Based on the holding in Timmons, the Department of Elections in Patriot Party II requested a rehearing before the Court of Appeals en banc. The Court was asked to determine to what extent its earlier decision in Patriot Party I remained good law in light of Timmons. The Court held that Timmons did not overrule the equal protection analysis and holding of Patriot Party I because the Minnesota election law upheld in Timmons banned cross-nominations by all political parties, whereas the Pennsylvania election laws at issue only banned cross-nominations by minor political parties yet allowed them by major political parties. The Court went on to perform an identical analysis of the burden placed on the minor party and its voters versus the state interest in prohibiting cross-nominations in determining that there was a violation of equal protection. It again reviewed the four state interests advanced by the Department of Elections to allow the prohibition: 1) preventing "sore loser" candidacies; 2) preventing individual candidates from monopolizing the ballot and causing voter confusion; 3) preventing a candidate from bleeding off votes of independent voters to bolster his or her major party endorsement; and 4) encouraging new candidates to run as independents. The Court did not find any of the state interests so compelling or weighty to allow the invidious discrimination in violation of minor parties' right to equal protection of the laws to continue.

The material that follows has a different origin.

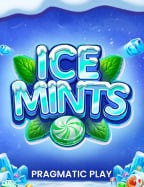 xe888 สมัคร เล่นง่ายได้เงินจริงไม่ต้องรอ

Because neither Moran nor Patriot Party II are controlling, we must conduct our own analysis to determine whether the challenged provisions violate the Fourteenth Amendment to the United States Constitution.

*578 "Voting is of the most fundamental significance under our constitutional structure." Burdick v. Takushi, 504 U.S. 428, 433, 112 S.Ct. 2059, 119 L.Ed.2d 245 (1992) (quoting Illinois Board of Elections v. Socialist Workers Party, 440 U.S. 173, 184, 99 S.Ct. 983, 59 L.Ed.2d 230 (1979)). However, the right to vote and the right to "associate for political purposes through the ballot" are not absolute. Burdick, 504 U.S. at 433, 112 S.Ct. 2059. The Constitution provides that states may prescribe, "[t]he Times, Places and Manner of holding Elections for Senators and Representatives," Art. I, § 4, cl. 1, and following that constitutional mandate, the Supreme Court has recognized that states retain the power to regulate their own elections. See e.g., Sugarman v. Dougall, 413 U.S. 634, 93 S.Ct. 2861, 37 L.Ed.2d 853 (1973); Tashjian v. Republican Party of Connecticut, 479 U.S. 208, 107 S.Ct. 544, 93 L.Ed.2d 514 (1986).

In the states' exercise of that power, the Supreme Court has stated that "[c]ommon sense, as well as constitutional law, compels the conclusion that government must play an active role in structuring elections; as a practical matter, there must be a substantial regulation of elections if they are to be fair and honest and if some sort of order, rather than chaos, is to accompany the democratic processes." Burdick, 504 U.S. at 441, 112 S.Ct. 2059 (quoting Storer v. Brown, 415 U.S. at 730, 94 S.Ct. 1274 (1974)). In fashioning "some sort of order," election laws will invariably impose some burden upon individual voters and political parties, especially those rights guaranteed by the First and Fourteen Amendment to the United States Constitution. Each provision of an election code, "whether it governs the registration and qualifications of voters, the selection and eligibility of candidates, or the voting process itself, inevitably affects—at least to some degree—the individual's right to vote and his right to associate with others for political ends." Anderson v. Celebrezze, 460 U.S. 780, 788, 103 S.Ct. 1564, 75 L.Ed.2d 547 (1983).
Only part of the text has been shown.